Only the lines below from the one with "[怪奇日蝕 (綾野なおと)] 将軍さまのなつやすみ (原神) [DL版]_06" through the one with "b Yo Kai Watch" are to be written out, exactly and without any images.

The records:
'''
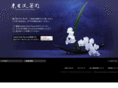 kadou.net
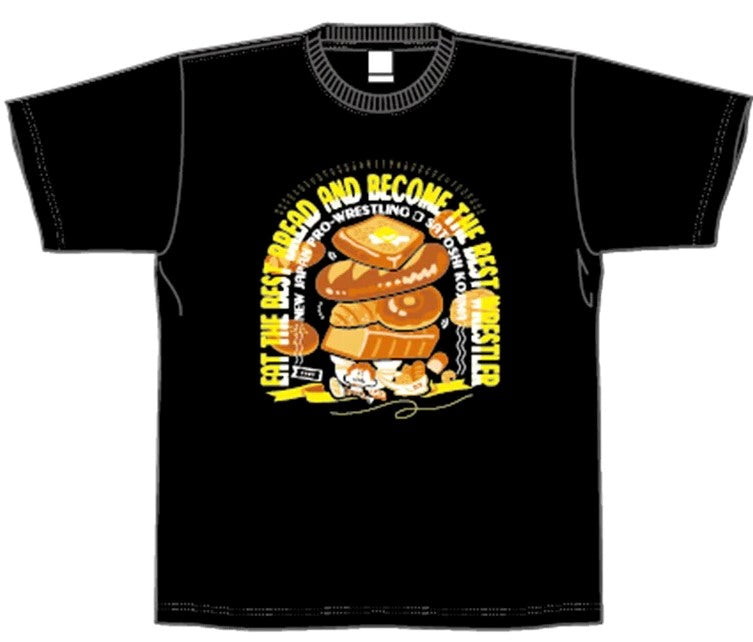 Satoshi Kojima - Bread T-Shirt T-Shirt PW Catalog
'''
'''
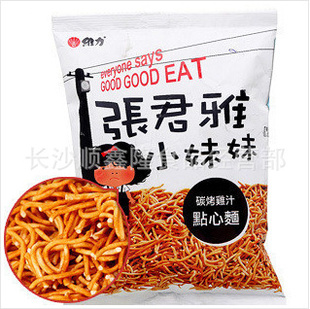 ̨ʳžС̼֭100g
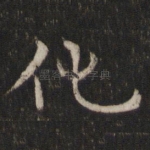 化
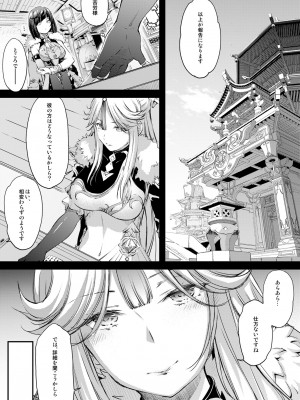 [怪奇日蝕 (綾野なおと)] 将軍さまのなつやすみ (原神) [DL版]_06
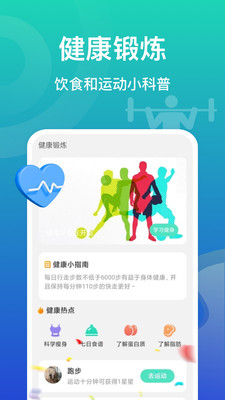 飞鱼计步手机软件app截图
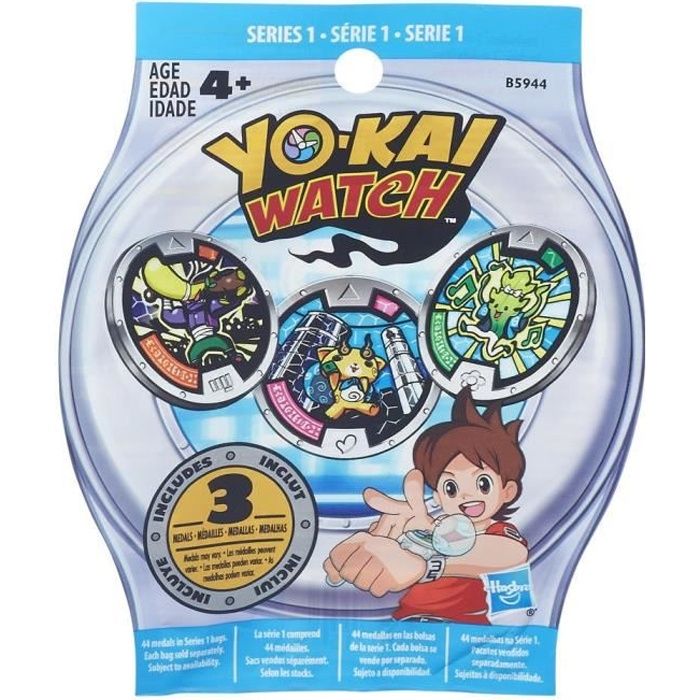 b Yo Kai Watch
'''
'''
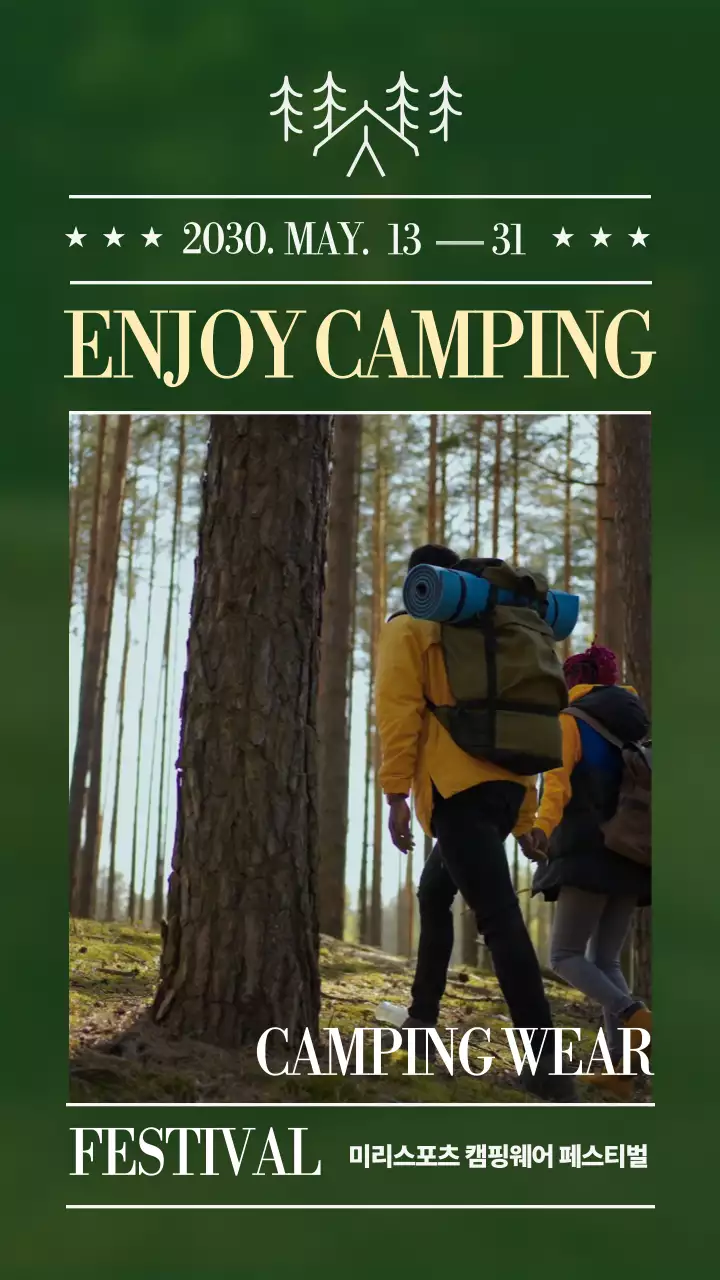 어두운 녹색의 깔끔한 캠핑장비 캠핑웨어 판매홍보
'''
Exercise result:
 [怪奇日蝕 (綾野なおと)] 将軍さまのなつやすみ (原神) [DL版]_06
 飞鱼计步手机软件app截图
 b Yo Kai Watch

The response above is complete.